Tuesday, July 5, 2011

A Good Day


Like I’ve said, no birder am I. Nonetheless, each Tuesday morning I am at my volunteer post at the Randall Davey Audubon Center in Santa Fe. For two years, I have genuinely liked being here at the top of Upper Canyon Road, where the sights and sounds never cease to please, and the visitors are endlessly interesting. All one needs to bring to this experience is an appreciation of nature and an honest liking of other folks. I meet both of those requirements, in spite of being a bit of a curmudgeon from time to time. More than likely, on any given day at this wildlife sanctuary, you have the opportunity of reaching out to other like-minded people.

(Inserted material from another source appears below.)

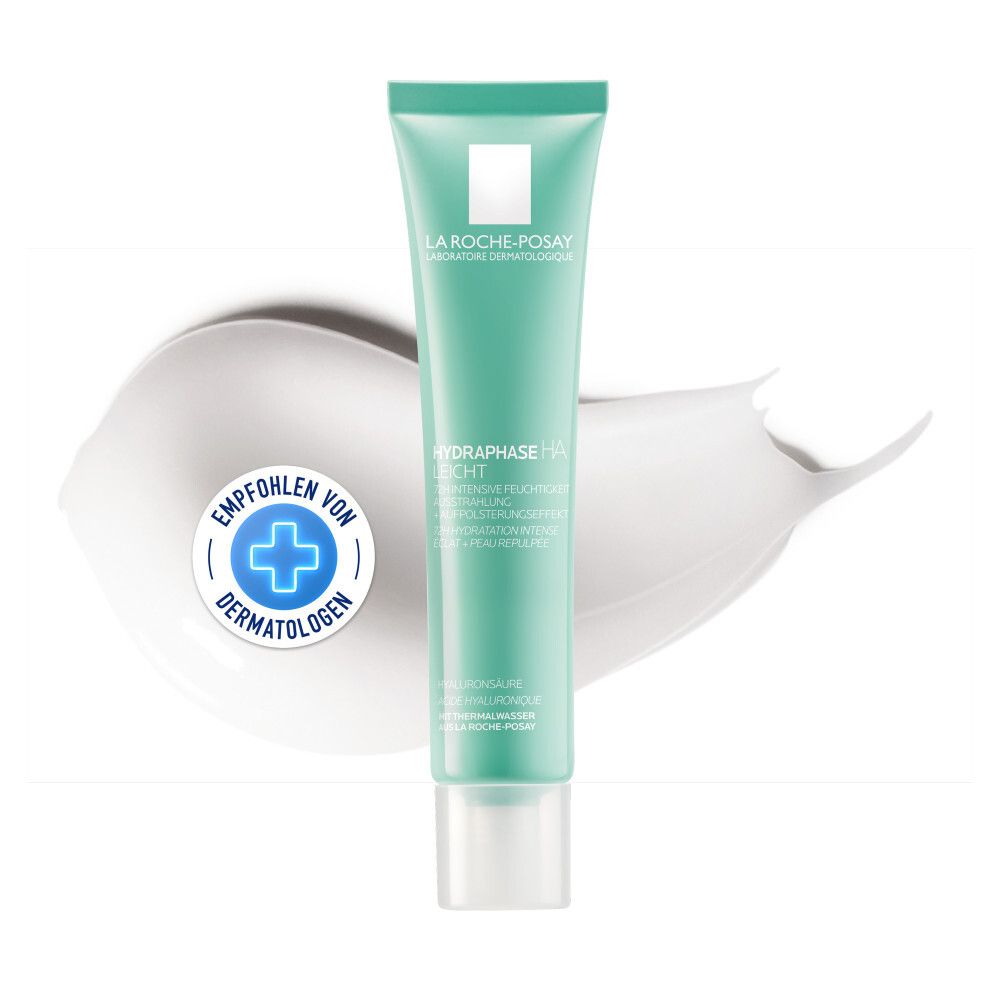 Grüne Tube La Roche-Posay Hydraphase HA Leicht. Auf Creme-Klecks mit „Empfohlen von Dermatologen“-Logo.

I don’t know what it is about today. I realize that virtually every hiking trail in Santa Fe is closed—including the Bear Canyon trail here in our center, the adjoining Nature Conservancy, the trails along the ski basin road, and the list goes on. A much longer list tells the story for Albuquerque. And the story must be the same wherever you go in the land of enchantment, where we have set a record for extreme drought conditions. The gardens here in the center—that typically this time of year would be double or triple fullness and laden with blooms—show evidence of the severe lack of moisture. The blooms are scant, even though a blanket of yellow makes a statement here and there in the garden.

The birds on this day don’t seem to know, however, that we are on hard times. Or maybe that’s what they’re talking about. They are loud, almost unruly. And as I watch the feeders outside of the visitor center, a smile breaks across my face. “Is that a Bullocks’s Oriole,” a visitor asks. “Yes, it is,” I confirm, confident in having learned its identity a couple of weeks ago, thanks to a colorful display in the visitor center and to the white board outside where visitors can list their sightings. Another question about our hummers, and I’m pulling up the Cornell website on my computer so we can confirm the identity of these little guys hungrily going at the feeder attached to one of the windows.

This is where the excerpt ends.